Question 1 · Section 3

What is the difference between Heap and Stack?

4. TLAB — Heap allocation can be faster than Stack! 5. Virtual Threads (Java 21+) for high-concurrency 6. StackWalker (Java 9+) for stack analysis 7. Monitor -Xss — deep recursi...

Language versions: English Russian Ukrainian

Junior Level

Heap and Stack — two separate areas of virtual memory that the JVM requests from the OS.
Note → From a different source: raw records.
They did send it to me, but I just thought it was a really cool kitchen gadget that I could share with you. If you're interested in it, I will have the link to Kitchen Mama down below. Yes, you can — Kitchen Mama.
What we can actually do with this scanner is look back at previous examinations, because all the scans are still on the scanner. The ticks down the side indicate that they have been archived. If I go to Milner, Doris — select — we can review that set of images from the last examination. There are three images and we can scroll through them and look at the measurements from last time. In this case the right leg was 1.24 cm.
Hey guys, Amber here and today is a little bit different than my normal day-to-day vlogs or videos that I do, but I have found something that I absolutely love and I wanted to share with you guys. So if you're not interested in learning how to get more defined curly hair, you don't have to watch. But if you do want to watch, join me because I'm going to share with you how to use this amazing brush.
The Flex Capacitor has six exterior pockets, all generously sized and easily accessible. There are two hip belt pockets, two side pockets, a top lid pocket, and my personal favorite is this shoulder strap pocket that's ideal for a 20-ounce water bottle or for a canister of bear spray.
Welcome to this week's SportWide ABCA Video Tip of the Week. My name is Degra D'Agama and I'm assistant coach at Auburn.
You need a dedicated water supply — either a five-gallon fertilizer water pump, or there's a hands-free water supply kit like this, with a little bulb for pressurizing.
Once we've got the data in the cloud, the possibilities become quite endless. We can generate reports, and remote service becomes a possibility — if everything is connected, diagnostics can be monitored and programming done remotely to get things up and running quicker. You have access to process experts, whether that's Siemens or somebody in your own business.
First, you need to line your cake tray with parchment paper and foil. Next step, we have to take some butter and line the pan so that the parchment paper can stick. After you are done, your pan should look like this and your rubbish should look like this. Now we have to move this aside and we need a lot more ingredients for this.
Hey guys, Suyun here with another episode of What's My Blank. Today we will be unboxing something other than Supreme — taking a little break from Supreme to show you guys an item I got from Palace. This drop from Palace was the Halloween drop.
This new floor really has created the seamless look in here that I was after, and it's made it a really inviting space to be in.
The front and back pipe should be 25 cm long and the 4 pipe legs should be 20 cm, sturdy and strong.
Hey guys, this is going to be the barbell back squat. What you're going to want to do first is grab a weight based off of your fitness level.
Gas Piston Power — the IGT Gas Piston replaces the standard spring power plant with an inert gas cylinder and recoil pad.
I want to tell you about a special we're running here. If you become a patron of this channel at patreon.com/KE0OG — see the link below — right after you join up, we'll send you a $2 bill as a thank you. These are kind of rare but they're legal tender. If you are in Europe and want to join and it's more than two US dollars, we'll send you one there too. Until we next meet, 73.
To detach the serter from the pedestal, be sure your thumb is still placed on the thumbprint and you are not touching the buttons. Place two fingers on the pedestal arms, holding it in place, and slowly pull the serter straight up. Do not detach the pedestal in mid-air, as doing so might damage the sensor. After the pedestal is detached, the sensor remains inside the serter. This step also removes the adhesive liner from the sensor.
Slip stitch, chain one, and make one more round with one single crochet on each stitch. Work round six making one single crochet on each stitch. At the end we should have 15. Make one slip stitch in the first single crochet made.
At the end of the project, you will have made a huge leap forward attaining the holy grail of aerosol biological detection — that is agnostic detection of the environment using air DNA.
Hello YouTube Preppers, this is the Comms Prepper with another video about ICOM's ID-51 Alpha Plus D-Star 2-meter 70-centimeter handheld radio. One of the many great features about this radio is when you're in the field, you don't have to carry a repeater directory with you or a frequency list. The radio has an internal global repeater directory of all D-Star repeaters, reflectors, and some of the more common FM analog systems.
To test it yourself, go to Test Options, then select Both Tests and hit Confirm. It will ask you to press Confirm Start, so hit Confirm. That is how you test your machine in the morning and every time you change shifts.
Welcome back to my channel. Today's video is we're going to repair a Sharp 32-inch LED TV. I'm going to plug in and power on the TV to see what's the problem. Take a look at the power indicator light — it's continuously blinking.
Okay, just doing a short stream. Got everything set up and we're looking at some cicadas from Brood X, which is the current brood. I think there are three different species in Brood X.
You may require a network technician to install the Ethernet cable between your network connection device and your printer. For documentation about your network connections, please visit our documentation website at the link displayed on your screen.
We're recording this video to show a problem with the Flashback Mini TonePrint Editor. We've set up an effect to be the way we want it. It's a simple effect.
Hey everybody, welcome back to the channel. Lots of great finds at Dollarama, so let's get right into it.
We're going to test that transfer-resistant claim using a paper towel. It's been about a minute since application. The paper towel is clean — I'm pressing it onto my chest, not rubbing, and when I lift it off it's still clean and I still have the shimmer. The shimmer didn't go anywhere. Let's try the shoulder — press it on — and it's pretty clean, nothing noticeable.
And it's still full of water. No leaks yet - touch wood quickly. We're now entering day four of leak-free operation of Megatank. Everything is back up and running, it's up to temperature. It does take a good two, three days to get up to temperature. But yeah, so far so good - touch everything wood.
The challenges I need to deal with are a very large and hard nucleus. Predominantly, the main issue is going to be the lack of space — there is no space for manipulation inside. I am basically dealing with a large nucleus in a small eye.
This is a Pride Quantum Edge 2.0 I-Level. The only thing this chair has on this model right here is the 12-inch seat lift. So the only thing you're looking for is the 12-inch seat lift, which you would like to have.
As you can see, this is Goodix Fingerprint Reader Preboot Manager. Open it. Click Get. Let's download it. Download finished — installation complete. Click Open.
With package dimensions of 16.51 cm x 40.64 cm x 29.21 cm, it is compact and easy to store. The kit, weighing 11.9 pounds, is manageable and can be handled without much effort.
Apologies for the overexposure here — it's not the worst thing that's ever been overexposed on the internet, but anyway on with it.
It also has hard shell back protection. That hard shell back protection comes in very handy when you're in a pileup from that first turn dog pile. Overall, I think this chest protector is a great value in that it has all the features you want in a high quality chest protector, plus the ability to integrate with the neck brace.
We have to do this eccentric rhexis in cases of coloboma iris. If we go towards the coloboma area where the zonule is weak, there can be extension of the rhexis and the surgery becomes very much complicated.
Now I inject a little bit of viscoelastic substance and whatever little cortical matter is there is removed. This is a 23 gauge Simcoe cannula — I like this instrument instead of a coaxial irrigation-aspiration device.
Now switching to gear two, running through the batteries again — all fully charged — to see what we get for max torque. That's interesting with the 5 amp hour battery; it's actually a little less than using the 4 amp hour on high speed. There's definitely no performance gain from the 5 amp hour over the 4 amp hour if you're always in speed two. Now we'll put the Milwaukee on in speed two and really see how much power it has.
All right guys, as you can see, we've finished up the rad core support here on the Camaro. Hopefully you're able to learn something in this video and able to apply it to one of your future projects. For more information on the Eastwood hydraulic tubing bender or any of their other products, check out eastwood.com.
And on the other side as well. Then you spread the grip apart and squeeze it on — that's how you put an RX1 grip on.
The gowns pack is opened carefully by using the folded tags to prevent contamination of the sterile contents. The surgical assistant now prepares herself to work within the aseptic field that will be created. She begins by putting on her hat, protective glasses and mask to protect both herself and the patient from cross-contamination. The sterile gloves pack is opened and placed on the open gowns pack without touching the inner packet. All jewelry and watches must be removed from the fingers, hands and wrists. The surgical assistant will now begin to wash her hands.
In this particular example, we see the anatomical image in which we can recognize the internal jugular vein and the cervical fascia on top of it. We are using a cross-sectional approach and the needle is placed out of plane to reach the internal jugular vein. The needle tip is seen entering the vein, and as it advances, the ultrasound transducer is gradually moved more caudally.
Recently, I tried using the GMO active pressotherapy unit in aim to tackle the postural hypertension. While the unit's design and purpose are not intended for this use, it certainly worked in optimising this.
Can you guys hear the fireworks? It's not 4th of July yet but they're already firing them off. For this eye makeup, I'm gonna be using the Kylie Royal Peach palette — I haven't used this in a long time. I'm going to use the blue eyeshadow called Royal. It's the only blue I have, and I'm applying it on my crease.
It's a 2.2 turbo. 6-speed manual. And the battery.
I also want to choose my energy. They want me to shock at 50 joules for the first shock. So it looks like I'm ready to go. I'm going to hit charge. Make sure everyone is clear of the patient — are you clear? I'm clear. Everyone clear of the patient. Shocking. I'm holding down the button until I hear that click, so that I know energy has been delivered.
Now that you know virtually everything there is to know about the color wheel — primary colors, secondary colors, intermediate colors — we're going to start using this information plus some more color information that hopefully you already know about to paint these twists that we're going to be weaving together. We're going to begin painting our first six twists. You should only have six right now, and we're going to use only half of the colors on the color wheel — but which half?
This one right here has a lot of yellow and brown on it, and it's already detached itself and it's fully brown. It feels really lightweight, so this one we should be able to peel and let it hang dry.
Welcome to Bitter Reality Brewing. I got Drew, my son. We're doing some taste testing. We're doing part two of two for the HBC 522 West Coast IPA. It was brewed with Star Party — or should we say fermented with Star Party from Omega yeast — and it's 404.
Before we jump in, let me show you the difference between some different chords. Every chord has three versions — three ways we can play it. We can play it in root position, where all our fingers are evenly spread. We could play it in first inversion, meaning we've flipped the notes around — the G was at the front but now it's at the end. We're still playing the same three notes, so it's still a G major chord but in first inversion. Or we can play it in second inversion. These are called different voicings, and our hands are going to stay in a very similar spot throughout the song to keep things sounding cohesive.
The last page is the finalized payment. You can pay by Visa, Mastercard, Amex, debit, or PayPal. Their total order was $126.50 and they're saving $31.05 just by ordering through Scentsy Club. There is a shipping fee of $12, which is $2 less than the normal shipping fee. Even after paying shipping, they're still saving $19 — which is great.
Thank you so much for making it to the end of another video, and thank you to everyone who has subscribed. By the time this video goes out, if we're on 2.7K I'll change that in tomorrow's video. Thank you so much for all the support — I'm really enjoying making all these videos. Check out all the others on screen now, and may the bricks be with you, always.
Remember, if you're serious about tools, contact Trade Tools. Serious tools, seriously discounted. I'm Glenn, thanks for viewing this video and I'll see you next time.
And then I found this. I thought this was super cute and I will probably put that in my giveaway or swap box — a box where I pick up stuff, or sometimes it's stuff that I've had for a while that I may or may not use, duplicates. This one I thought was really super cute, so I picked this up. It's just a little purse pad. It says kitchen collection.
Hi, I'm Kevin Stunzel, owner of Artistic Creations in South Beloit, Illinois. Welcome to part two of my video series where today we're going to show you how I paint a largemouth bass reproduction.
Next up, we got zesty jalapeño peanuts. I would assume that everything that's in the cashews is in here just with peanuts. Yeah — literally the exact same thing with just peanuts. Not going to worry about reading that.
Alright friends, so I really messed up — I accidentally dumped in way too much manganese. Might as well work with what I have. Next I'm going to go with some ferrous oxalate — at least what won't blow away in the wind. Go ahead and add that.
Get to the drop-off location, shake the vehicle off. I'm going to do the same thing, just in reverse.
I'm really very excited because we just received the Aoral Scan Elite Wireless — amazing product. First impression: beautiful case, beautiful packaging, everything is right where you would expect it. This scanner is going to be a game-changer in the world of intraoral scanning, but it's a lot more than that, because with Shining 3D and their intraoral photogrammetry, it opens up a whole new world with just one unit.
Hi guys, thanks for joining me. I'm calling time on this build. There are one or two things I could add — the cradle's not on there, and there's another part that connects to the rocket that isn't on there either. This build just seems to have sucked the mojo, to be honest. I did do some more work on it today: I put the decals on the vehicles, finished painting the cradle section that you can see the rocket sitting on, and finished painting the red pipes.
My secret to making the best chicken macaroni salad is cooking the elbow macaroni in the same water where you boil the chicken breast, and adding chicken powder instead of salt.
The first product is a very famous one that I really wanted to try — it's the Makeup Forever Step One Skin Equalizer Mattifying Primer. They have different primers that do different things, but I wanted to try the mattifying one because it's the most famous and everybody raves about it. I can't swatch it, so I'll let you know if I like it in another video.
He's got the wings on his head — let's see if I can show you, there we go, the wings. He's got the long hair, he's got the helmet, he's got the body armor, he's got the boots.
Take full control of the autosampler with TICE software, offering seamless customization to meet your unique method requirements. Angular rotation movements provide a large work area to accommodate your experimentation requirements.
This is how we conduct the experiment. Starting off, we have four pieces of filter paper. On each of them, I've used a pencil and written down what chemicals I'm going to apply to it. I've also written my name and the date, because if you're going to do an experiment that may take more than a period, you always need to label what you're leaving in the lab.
Why two areas: they have different access patterns. Stack is sequential (LIFO): data is added and removed in strict method call order. Heap is arbitrary: objects live long and are accessible from anywhere.

Simple analogy:

  • Stack — like your desk: fast access, but limited space. Used for current tasks.
  • Heap — like a warehouse: huge, but you need to walk to get things. Used for storing all your stuff.

Main differences:

Stack Heap
Stores local variables and references Stores objects (new Object())
Fast access Slower
Small (1 MB per thread) Huge (gigabytes)
Cleaned up automatically Cleaned up by Garbage Collector
Private to each thread Shared across all threads

Example:

public void example() {
    int x = 10;           // Stack (primitive)
    String name = "Ivan"; // Stack (reference) → "Ivan" in Heap
    User user = new User(); // Stack (reference) → User object in Heap
}

Errors:

  • Stack overflow → StackOverflowError (infinite recursion)
  • Heap overflow → OutOfMemoryError: Java heap space

Middle Level

Stack: Execution Memory

Stack frame structure:

Stack Frame (created on method call):
├── Local Variable Table  ← local variables
├── Operand Stack         ← operand stack for computations
├── Dynamic Linking       ← reference to Constant Pool
└── Return Address        ← where to return after method

Lifecycle:

  • Created on method call → removed on return
  • Deterministic — memory is freed instantly
  • Does not require Garbage Collector

Parameter: -Xss (default 1 MB)

Heap: State Memory

What’s stored:

  • All objects (new ...)
  • Arrays (even of primitives int[])
  • Static fields of classes
  • String Pool

Allocation:

  • TLAB (Thread Local Allocation Buffer) — a thread-private buffer in Eden. Each thread allocates in its own TLAB without synchronization → very fast.
  • Pointer Bumping — allocation = simply advancing a pointer (fast!)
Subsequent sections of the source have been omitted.